| WHAT IS NEEDED |
Please transcribe the lines below exactly, and leave every image behind.

| RECORDED DATA |
== Segment start ==

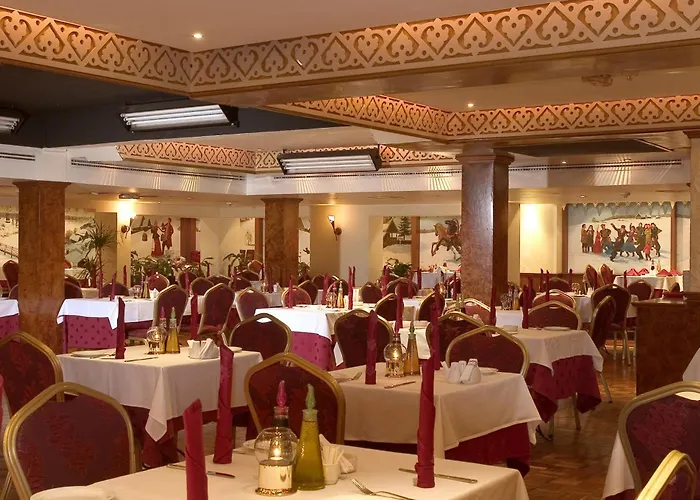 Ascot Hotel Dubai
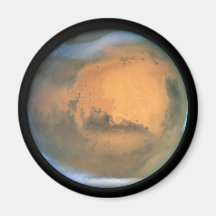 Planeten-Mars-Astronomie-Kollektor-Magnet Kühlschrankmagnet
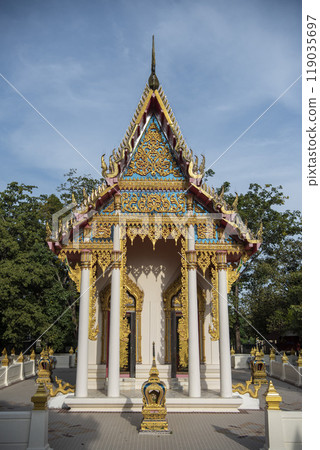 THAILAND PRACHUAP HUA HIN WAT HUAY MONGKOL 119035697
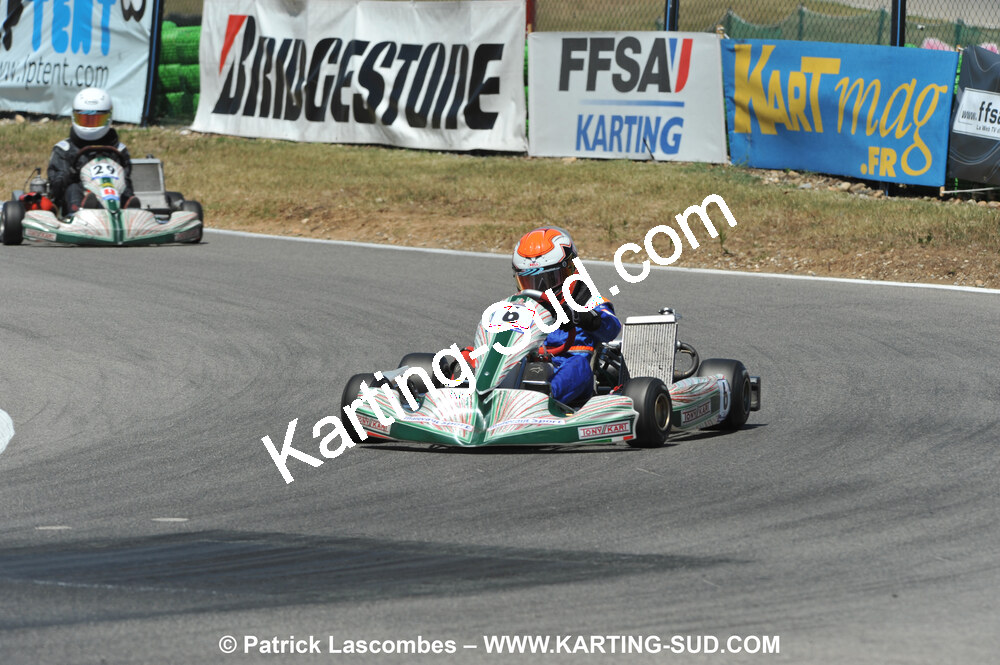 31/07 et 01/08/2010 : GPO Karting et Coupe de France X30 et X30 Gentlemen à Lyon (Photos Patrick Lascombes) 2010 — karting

== Segment end ==

| RESULT BELOW |
 Ascot Hotel Dubai
 Planeten-Mars-Astronomie-Kollektor-Magnet Kühlschrankmagnet
 THAILAND PRACHUAP HUA HIN WAT HUAY MONGKOL 119035697
 31/07 et 01/08/2010 : GPO Karting et Coupe de France X30 et X30 Gentlemen à Lyon (Photos Patrick Lascombes) 2010 — karting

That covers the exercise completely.